Erschienen im express, Zeitung für sozialistische Betriebs- und Gewerkschaftsarbeit, 9/07


(1) Im Jahr 1989 wurde von der Kohl-Regierung – gegen den Widerstand von Postgewerkschaft und SPD – die Postreform I beschlossen. Sie bedeutete die Aufgliederung der Deutschen Bundespost in drei separate und längerfristig privatisierbare Unternehmenseinheiten (Postdienste, Postbank, Telekommunikation). Die Postreform II (1995) wandelte diese Einheiten in eigenständige Aktiengesellschaften um. Aus der Postsparte der Deutschen Bundespost wurde die Deutsche Post AG – zum Unwillen der Gewerkschaften, aber mit Einverständnis der Sozialdemokratie. Die SPD lehnte die Privatisierung der Post nicht mehr ab und stimmte Grundgesetzänderungen zu, die den Weg ebneten für einen »entstaatlichten und vermarktlichten« Postsektor.
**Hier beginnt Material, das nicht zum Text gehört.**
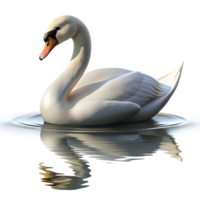 beautiful rustic A graceful swan gliding across a still lake, soft morning light, serene atmosphere high quality png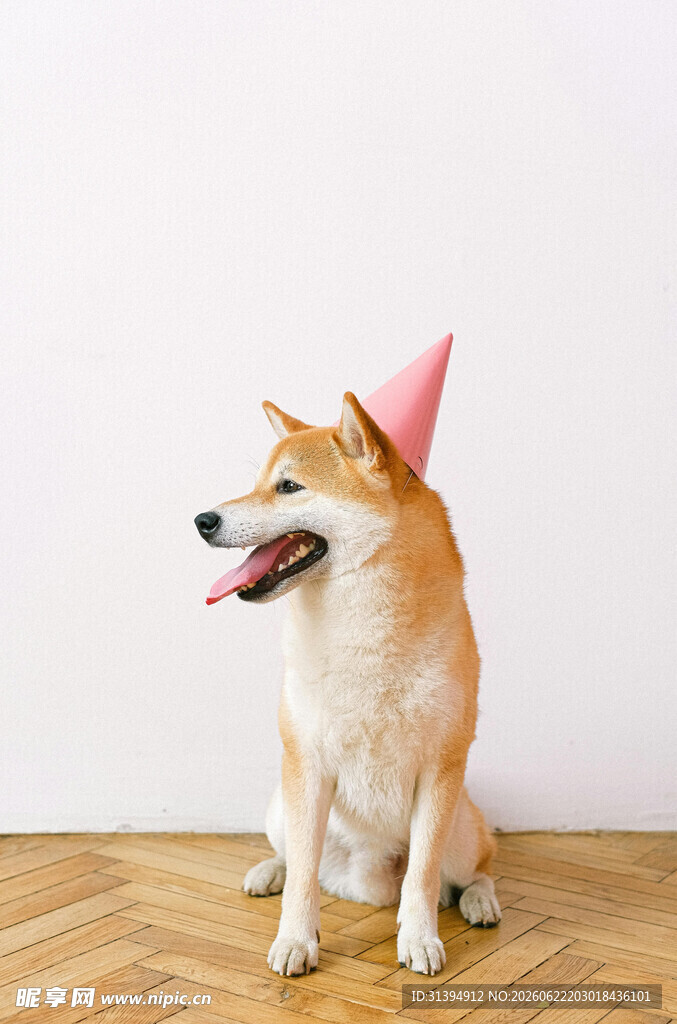 戴粉帽的开心柴犬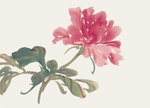 国画牡丹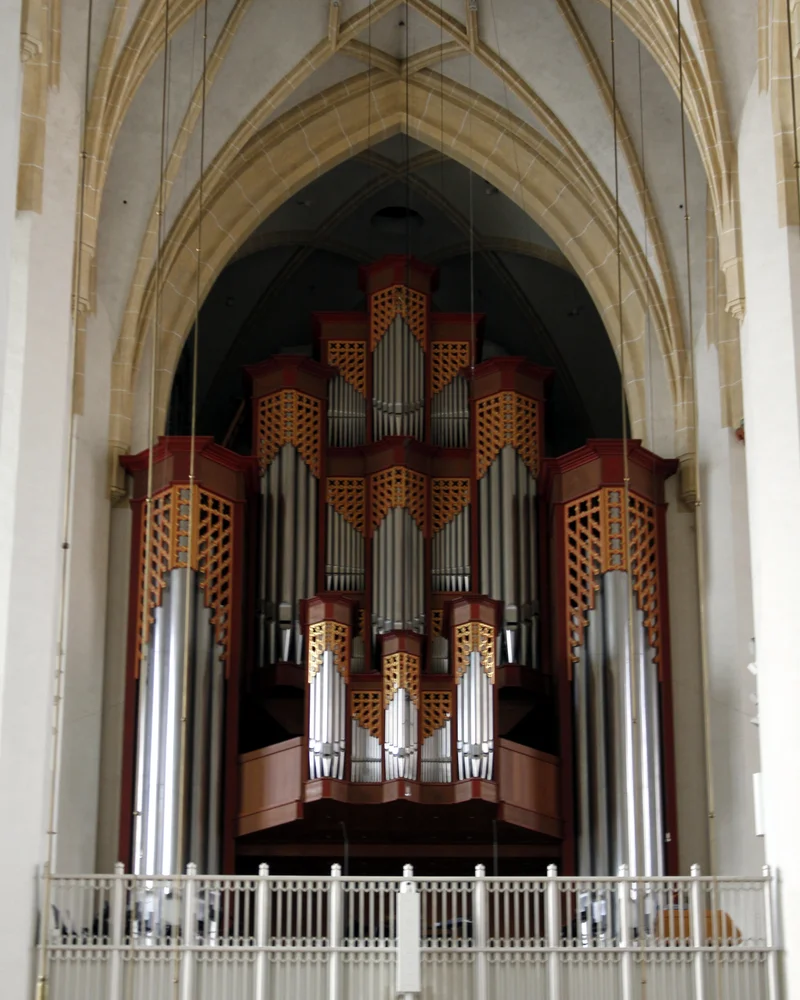 Organ
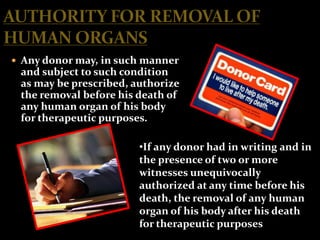  Any donor may, in such manner
 and subject to such condition
 as may be prescribed, authorize
 the removal before his death of
 any human organ of his body
 for therapeutic purposes.

                        •If any donor had in writing and in
                        the presence of two or more
                        witnesses unequivocally
                        authorized at any time before his
                        death, the removal of any human
                        organ of his body after his death
                        for therapeutic purposes
 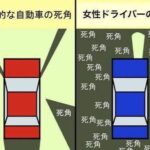レス77番の画像1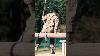 U S Army Air Defenders Face Off In Fire Competition Obstacles U0026 Cbrn Challenge In Germany
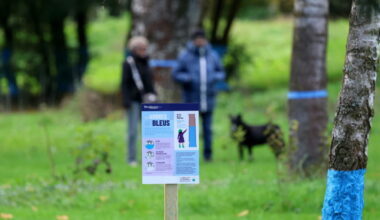 à quoi peut-on s’attendre en cas de crue extrême ? Ces arbres bleus vous le montrent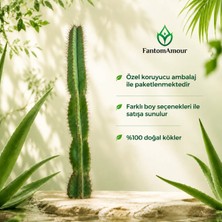 San Pedro Kaktüsü (Echinopsis Pachanoi) 100 cm Canlı Kaktüs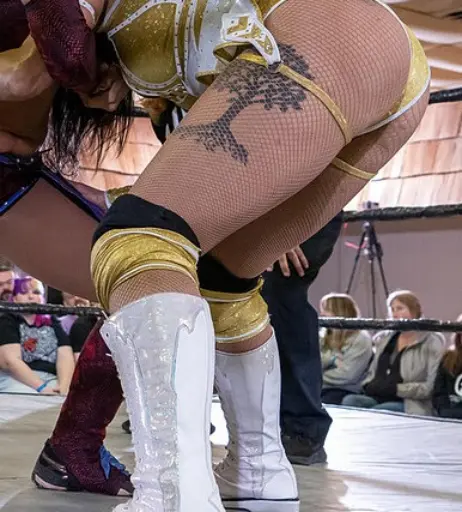 Image 23667099 from Women of Professional Wrestling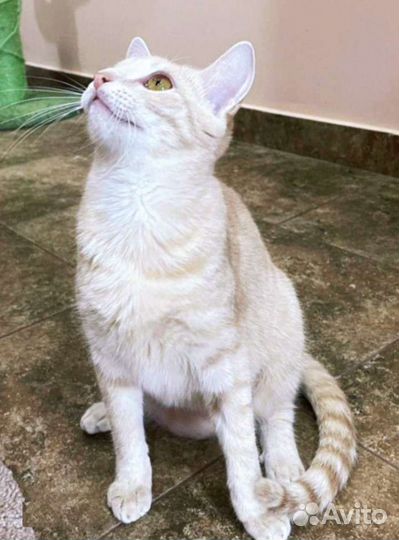 Прелестная грациозная Вивьен. Лесной приют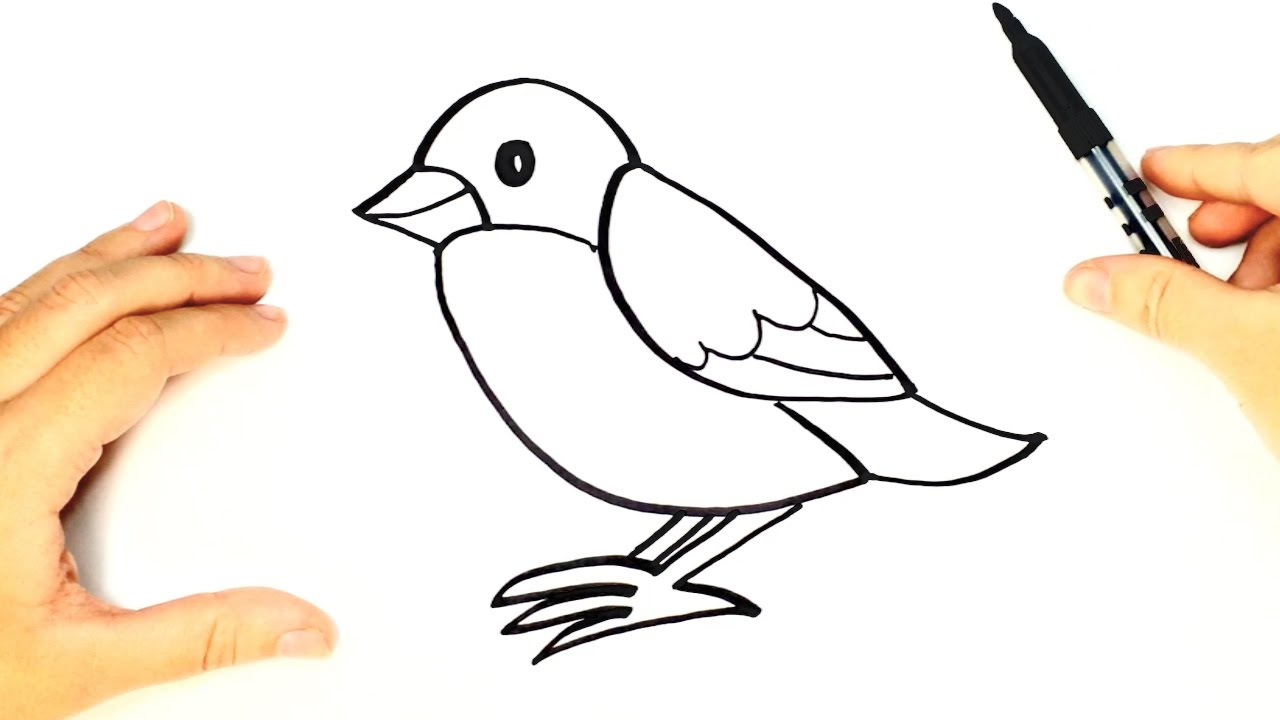 1280x720 Simple Bird Drawing For Kids And How To Draw A Bird For Kids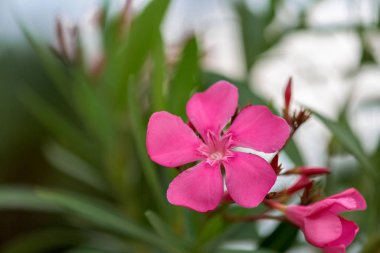 Karadağ 'ın güneyinde yazın çiçek açan tropik ağaçlar. kırmızı çiçek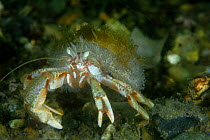 Common Hermit Crab (Pagurus bernhardus) in Whelk Shell, Cardigan Bay, Wales, UK 2007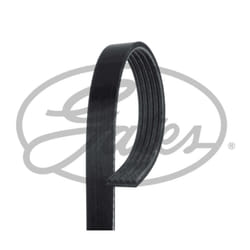 Cinghia Poly-V GATES GAT5PK1256EST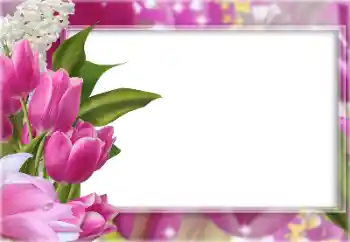 Photo effect from category Women's photo frames № 196363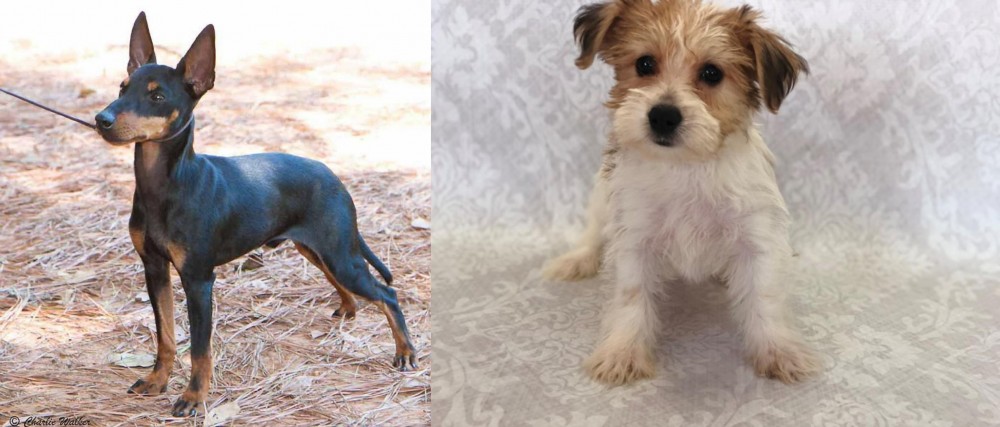 Yochon vs English Toy Terrier (Black & Tan) - Breed Comparison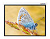 Экран Lumien 146" 229x305см Master Control LMC-100110 4:3 настенно-потолочный рулонный (моторизованный привод)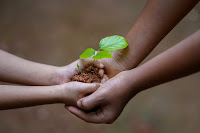 Photo of two people holding soil in their hands and a seed sprouting.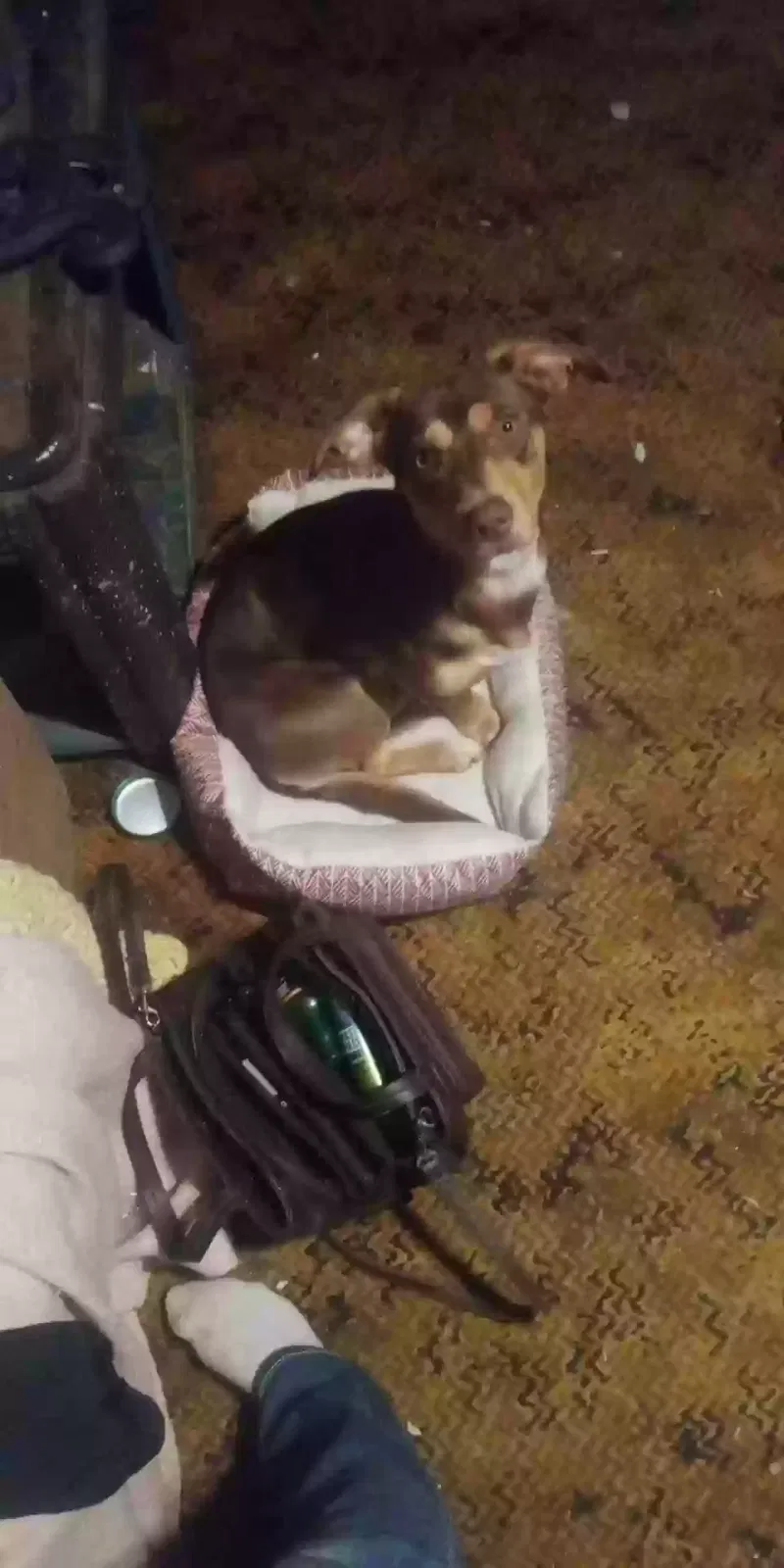 Lost dog in Cleveland, GA, 30528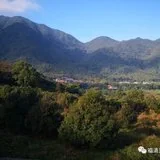 Featured image of post 【灵石剪影】灵石律寺两序大众岁末祭祖礼塔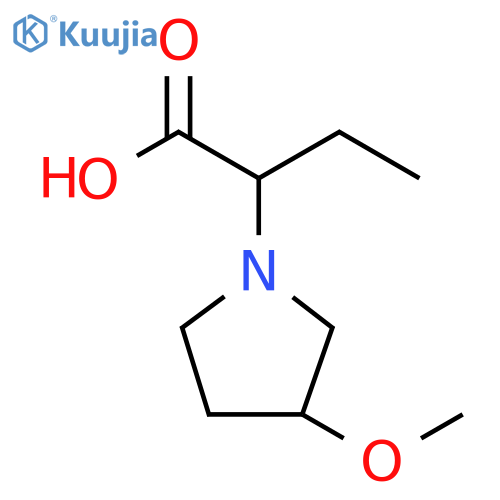 2-(3-methoxypyrrolidin-1-yl)butanoic acid structure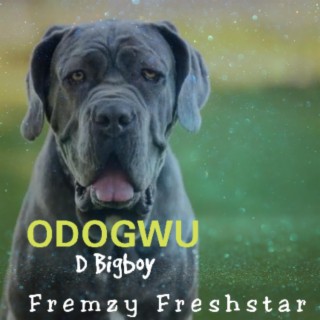 Odogwu D Bigboy lyrics | Boomplay Music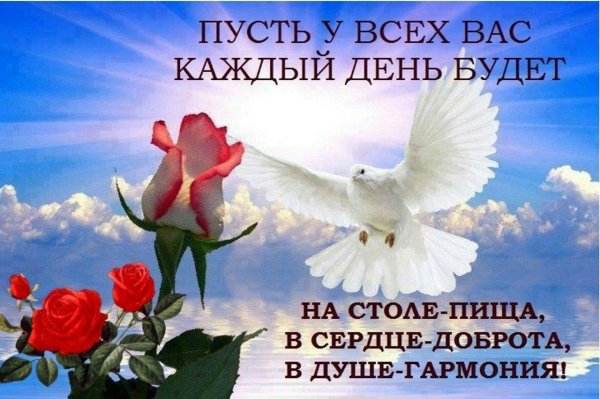 пожелание мира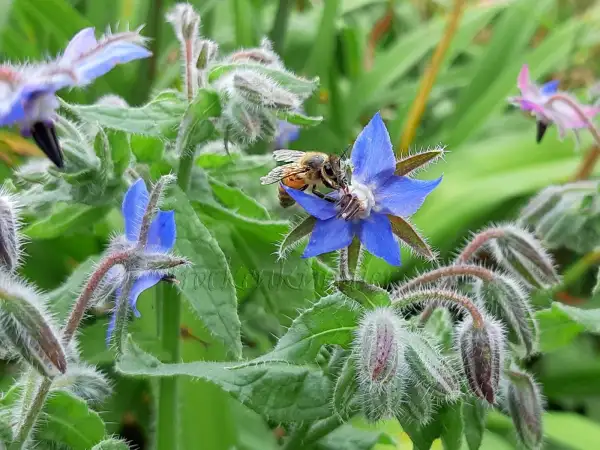 Kräuter: Borago officinalis - Himmelsstern - Gurkenkraut - Herb Borage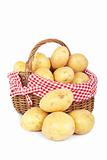 Potatoes in the basket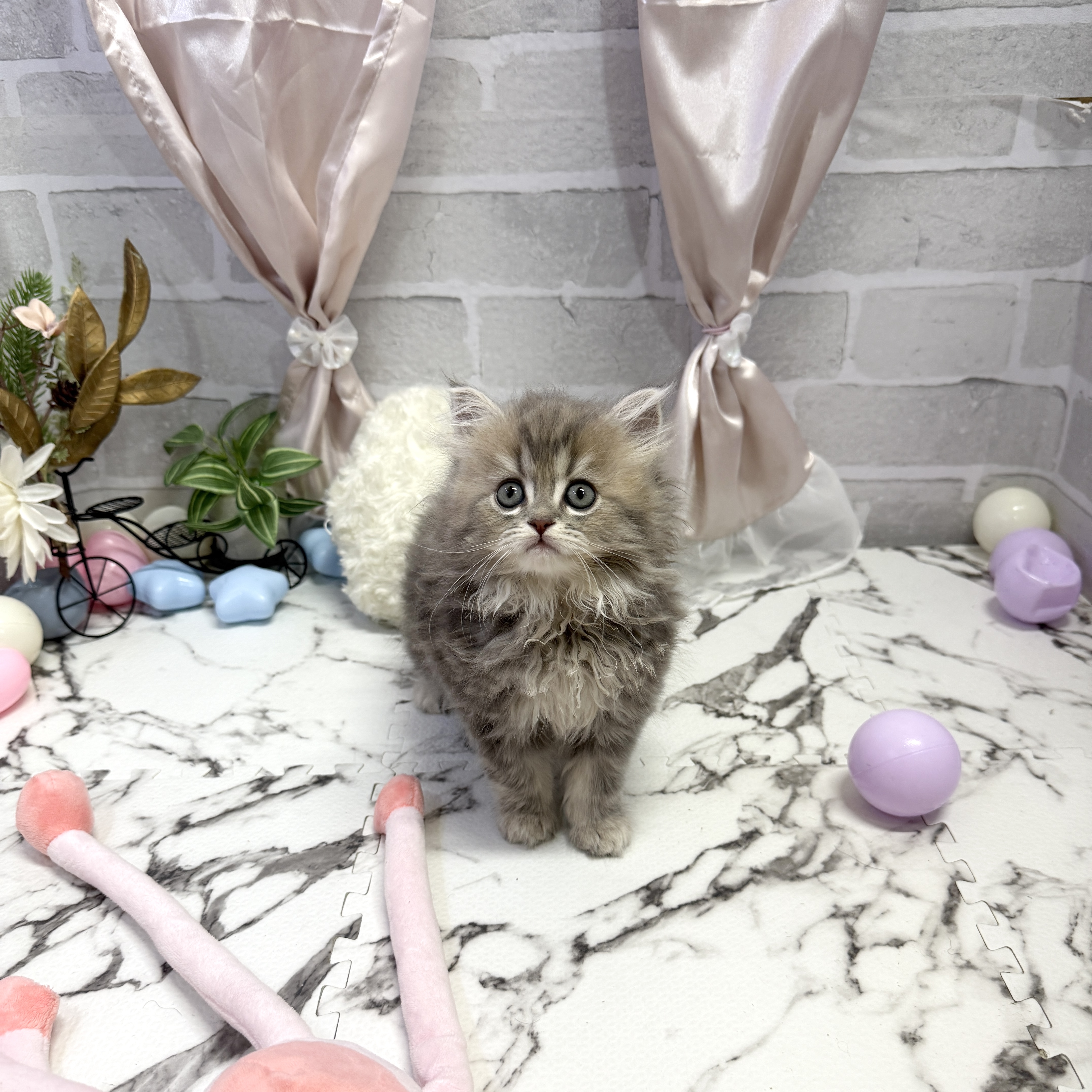 愛知県のミヌエット (犬の家＆猫の里岡崎店/2025年9月30日生まれ/女の子/ブルータビー)の子猫の3枚目の画像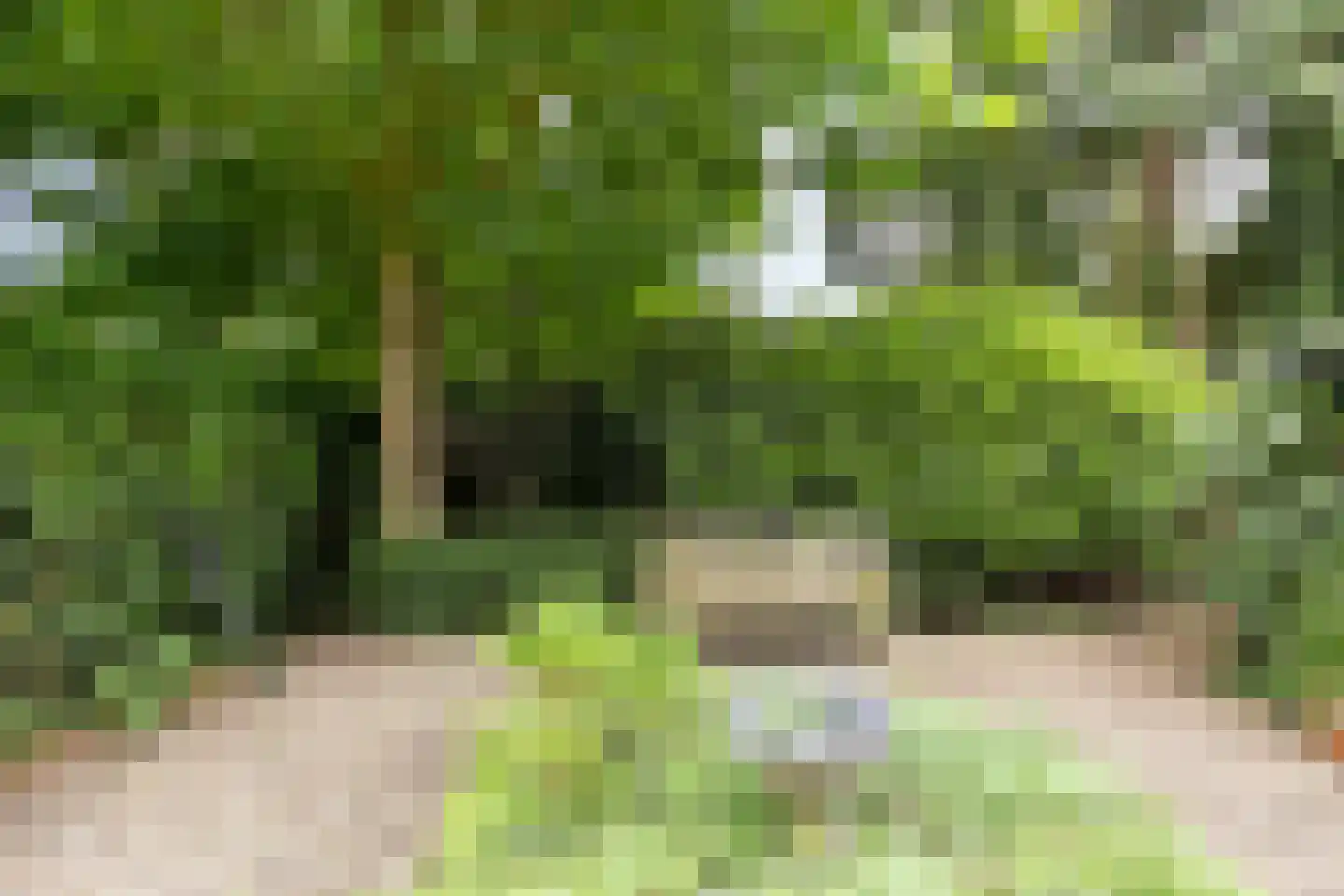 Koppellaan 7 Apeldoorn thumbnail 28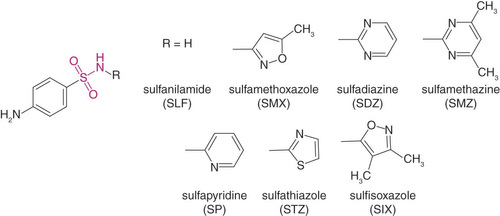 Figure 1. Examples of ‘classical’ sulfonamides.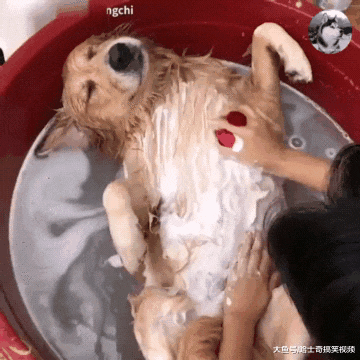 金毛在洗脚盆洗澡，因表情“舒服”而走红，太懂得享受了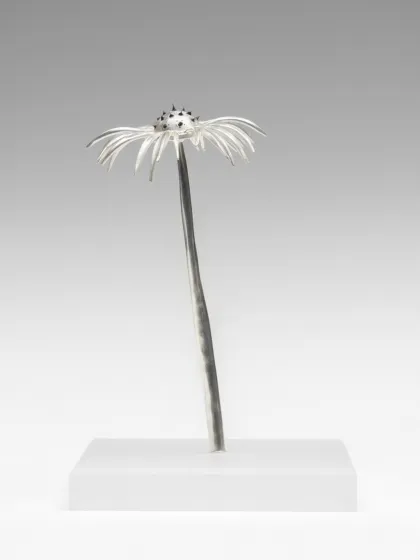 Silver echinacea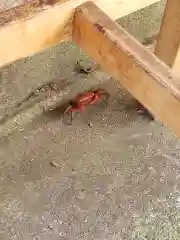 江島神社の動物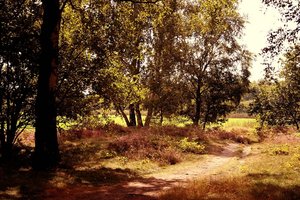 Pestruper Heide 500 kbPestruper Heide 063 Sommerweg.jpg Pestruper Heide 500 kbPestruper Heide 063 Sommerweg.jpg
(2) Birgit Marschall: »Ein Sieg für die Post«, in: Financial Times Deutschland vom 21. August 2007.

(3) Torsten Brandt / Kathrin Drews / Thorsten Schulten: »Liberalisierung des deutschen Postsektors – Auswirkungen auf Beschäftigung und Tarifpolitik«, in: WSI-Mitteilungen, Heft 5/2007, S. 266-273.

(4) Das Konzept der »13-Uhr-Zustellung« (andere Bezeichnung: »Zustellung in kompakten Gebieten«) wird vom Postmanagement wie folgt begründet: Post-Konkurrenten bieten ihre Dienste vorwiegend dort an, wo viele Geschäftskunden ansässig sind (»kompakte Gebiete«). Um hier konkurrenzfähig bleiben zu können, muss eine Zustellform eingeführt werden, die für Absender wie für Adressaten werktäglich eine Zustellzeit bis zirka 13 Uhr garantiert. Dies wiederum setzt eine »Trennung von Vorbereitung/Endsortierung und Zustellung« voraus: Sortiertätigkeiten fallen nicht mehr in den Aufgabenbereich der PostbotInnen. Sie müssen »nur« noch die schon vorab »in Gangfolge« sortierten Briefsendungen in Empfang nehmen und zustellen. Dafür genügt eine Wochenarbeitszeit von 20 Stunden.

(5) Klaus Zumwinkel / Klaus F. Zimmermann: »Mehr Arbeit für Deutschland«, in: Frankfurter Allgemeine Zeitung vom 20. August 2005.